Just to make things even more confusing, you can have self-identified Arabs that speak little or no Arabic, like many Afghan Arabs, who trace their identity via descent ( whether spurious or real ), but have lost much of their Arabic.

When I re-read the quote you included I realized I was not clear. When people talk about Hispanics living in the U.S., they generally mean Spanish-speaking immigrants from North and Central America, moreso than from Spain, for example. I did not mean that the term Hispanic applies only to Spanish speakers in the U.S.

Well, yes, and that is really my point. I don’t know why we would take language as a basis for grouping people and then assume that they are common in many other ways in which they may not be.

How can you miss it? But almost all of that debate is driven by illegal immigration from Mexico.

I don’t think it is the only one that can be used, but my understanding is that’s the denotation. I am eager to be better informed. :slight_smile:

That’s a pretty good question. There seems to be some sense in identifying non-whites in the U.S. as a group disadvantaged by discrimination by the majority white population, such as for purposes of Affirmative Action. But whites are a very diverse group. Saying that non-whites are disadvantaged doesn’t imply that you can generalize that all whites are elite and privileged, or say much else about what they all have in common.

It does make sense in certain narrow applications; they seem to have enough in common economically have formed an economic bloc with a common currency. But, of course, Greeks, Italians, French, etc., all have diverse and distinct cultures. People often make generalizations about Europeans as well that are not related to the things they truly do have in common. Unfortunately, Americans have a tendency to do this more than others; Europeans are seen by many Americans as lumped together as “those people over there somewhere who are different from us.”

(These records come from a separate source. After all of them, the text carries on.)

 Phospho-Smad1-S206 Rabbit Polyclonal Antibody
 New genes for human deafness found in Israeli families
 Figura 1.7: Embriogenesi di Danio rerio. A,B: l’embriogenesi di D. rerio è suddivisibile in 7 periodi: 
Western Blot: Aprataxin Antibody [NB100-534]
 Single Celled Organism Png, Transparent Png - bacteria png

Your first statement contradicts your second. Hispanic isn’t just what language they speak. As you mention in the first paragraph, it’s people from a specific area as well. Would it make more sense to you if the term “Latin American” was used instead of “Hispanic”? I hear the 2 terms used pretty much interchangably, except I would be surprised to hear someone from Brazil called Hispanic.

And why not? The terms Latino and Hispanics is the short form of Latin Americans and Hispanic Americans. And those are geographical entities, rather than racial terms. Are you surprised if you call a Black born in the United States of America an American? Or if you call a Asiatic born in Canada a Canadian? If so, why you wonder a Latino could be of Indigenous origins, given that term reffer to Latin America, and not to the Latin race?

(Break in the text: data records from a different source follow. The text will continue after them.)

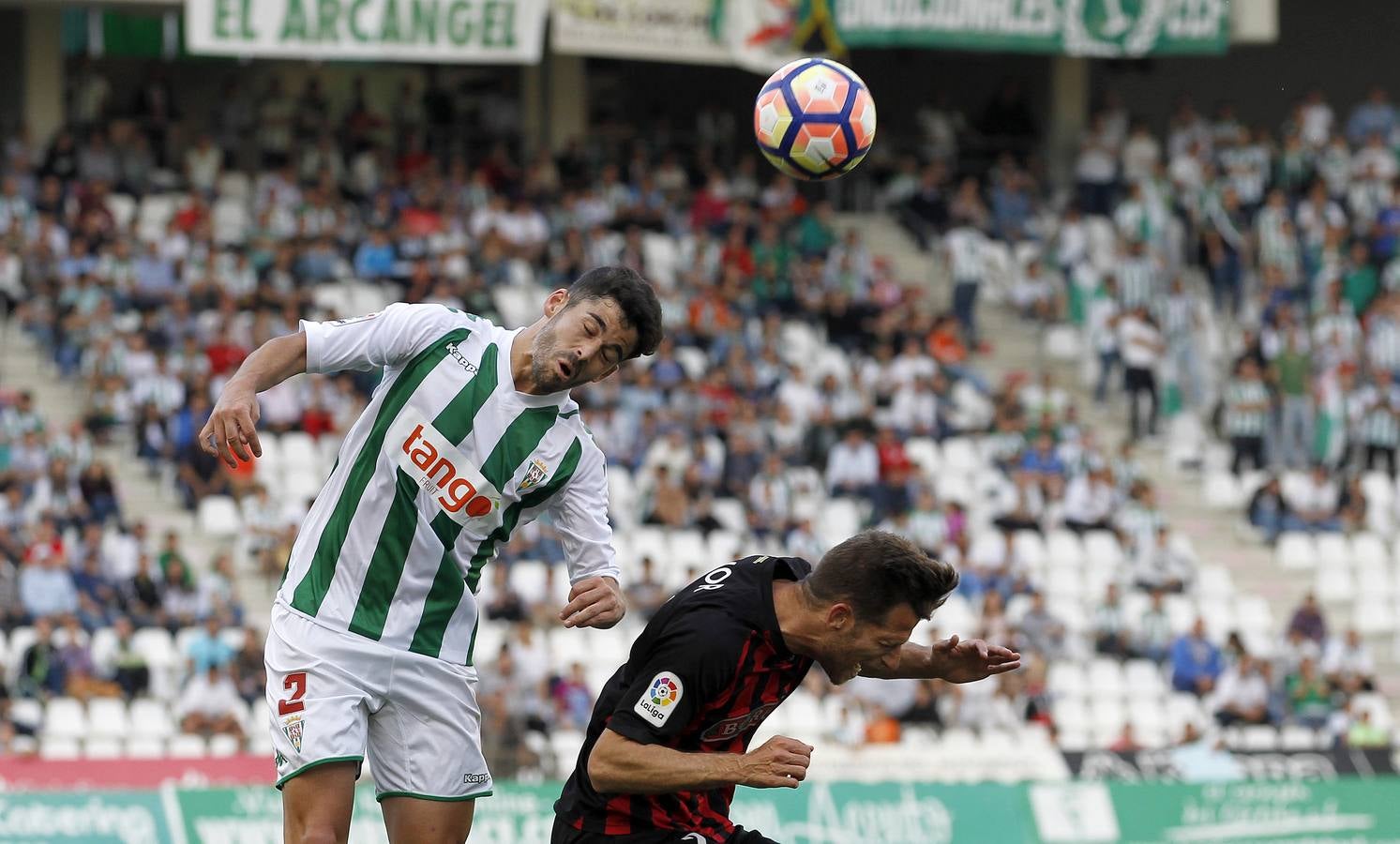 La victoria del Córdoba ante el Reus, en imágenes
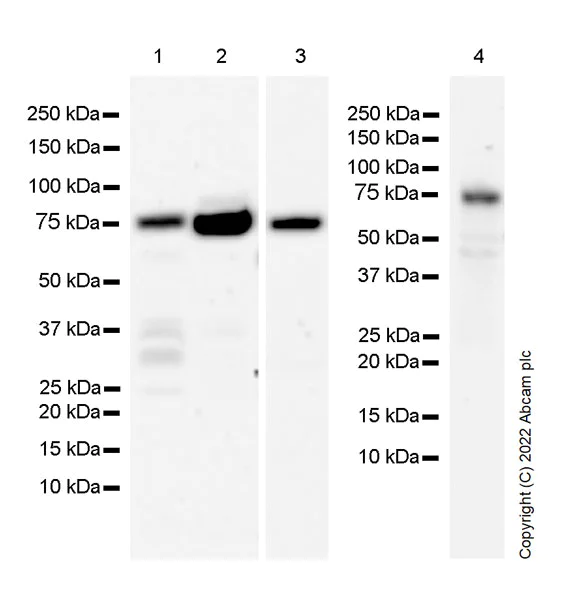 Western blot - Anti-PKC theta/PRKCQ antibody [27/PKC theta] - BSA and Azide Free (AB302892)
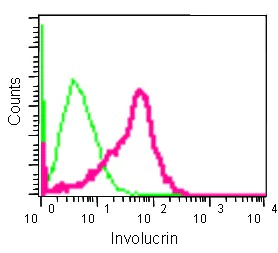 Flow Cytometry (Intracellular) - Anti-Involucrin antibody [EPR13054] - BSA and Azide free (AB240256)
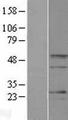 BARHL2 Protein - Western validation with an anti-DDK antibody * L: Control HEK293 lysate R: Over-expression lysate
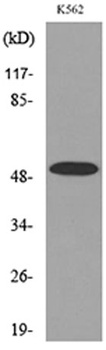 Tubulin alpha (Acetyl Lys352) antibody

Ferdinand and Isabella had a pretty good crack at ridding Spain of ‘furriners’

  • although it looks as if Arabs converted to christianity
  • The Spanish Inquisition was the tool for winkling out reverts amongst others

Calling Spanish Arabs is like saying - Oh the British are just Germans

Sometimes, depending on the topic of conversation, the defining characteristics are “us” and “those d###ed gringos”. In which case “Hispanic” is convenient shorthand.

I would imagine that there are many topics of discussion in which Moroccans and Syrians find themselves in the "Us"category and the rest of the world in the “Them” category.